Millennium Post

Only SC can stop sealing drive, says Monitoring Committee

NEW DELHI: The sealing drive in Delhi will continue as decided by the Supreme Court-appointed monitoring committee and the Supreme Court is the only authority to stop this drive and not the Committee, members of the asserted on Thursday.
Explaining the situation, the members clarified that the Committee has no right to stop the drive. "Our duty was to determine the factors and procedure of the sealing as directed by the Supreme Court," said the members.
Earlier, an all-party meeting attended by the leaders of BJP and Congress with Chief Minister Arvind Kejriwal and members of the Monitoring Committee was held.

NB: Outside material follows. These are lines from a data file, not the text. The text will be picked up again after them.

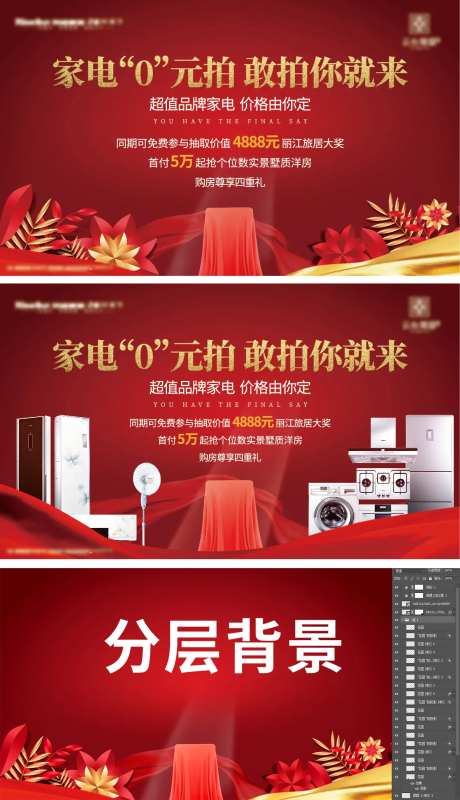 家电0元拍活动桁架-采灵感-https://www.cailinggan.com/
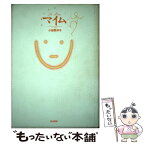 【中古】 マイム 演劇の基礎レッスン / 小谷野 洋子 / 晩成書房 [単行本]【メール便送料無料】【あす楽対応】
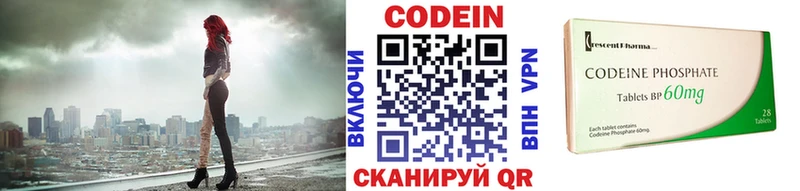 наркошоп  Тамбов  Кодеин напиток Lean (лин) 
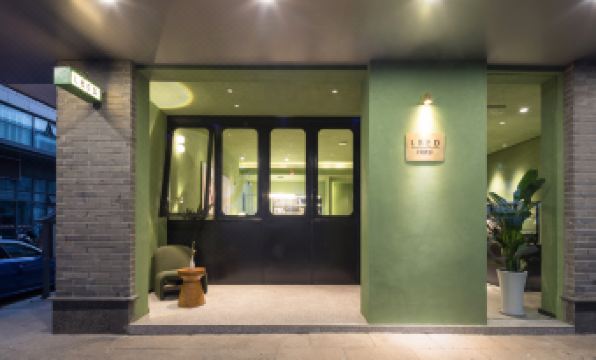 Suzhou LBED Select Hotel (Guanqian Street Chayuanchang Subway Station)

In the meeting, the political parties urged the Committee to stop the sealing drive till the Supreme Court's verdict comes.

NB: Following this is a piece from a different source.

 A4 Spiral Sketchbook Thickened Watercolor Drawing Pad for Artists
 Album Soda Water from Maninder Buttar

The Supreme Court-appointed Committee comprises KJ Rao, former advisor to the Election Commission, Bhure Lal, chairman of Environment Pollution Prevention and Control Authority (EPCA) and Major General (retd) Som Jhingan as members.
"The Monitoring Committee is confident that if the rightful dues from the public on various accounts — including conversion charges — are collected by the MCD, the financial state of these corporations would be more sound and would overcome the present crisis," said a member.
The drive began in December last year after the apex court ordered the sealing of commercial establishments over encroachment, illegal constructions and non-payment of conversion charges.
The drive is being carried out by the three Municipal Corporations under supervision of the Monitoring Committee.
The root of the problem is poor planning and execution of the Delhi Master Plan 2021. The Master Plan is the document that decides how Delhi should be developed and is prepared for 20 years.
The blueprint, created in 1982, was revised and notified in 2007 as Master Plan 2021. In this period, the population of Delhi, thanks to large-scale migration the Capital witnesses, had grown exponentially, and shops and commercial establishments had mushroomed across the city.
In 2005-06, the Delhi High Court ordered a sealing drive against shops that flouted the law, and the ensuing protests saw four people being killed.
The government then brought in trader-friendly amendments in 2007, which included bringing down the conversion charges and allowing buildings to grow taller.
The Supreme Court, however, struck down the amendments in view of their potentially harmful effects on the environment, and the lack of supporting infrastructure – traffic, parking, civic amenities, et al.
The current sealing drive, too, has been ordered by the Supreme Court.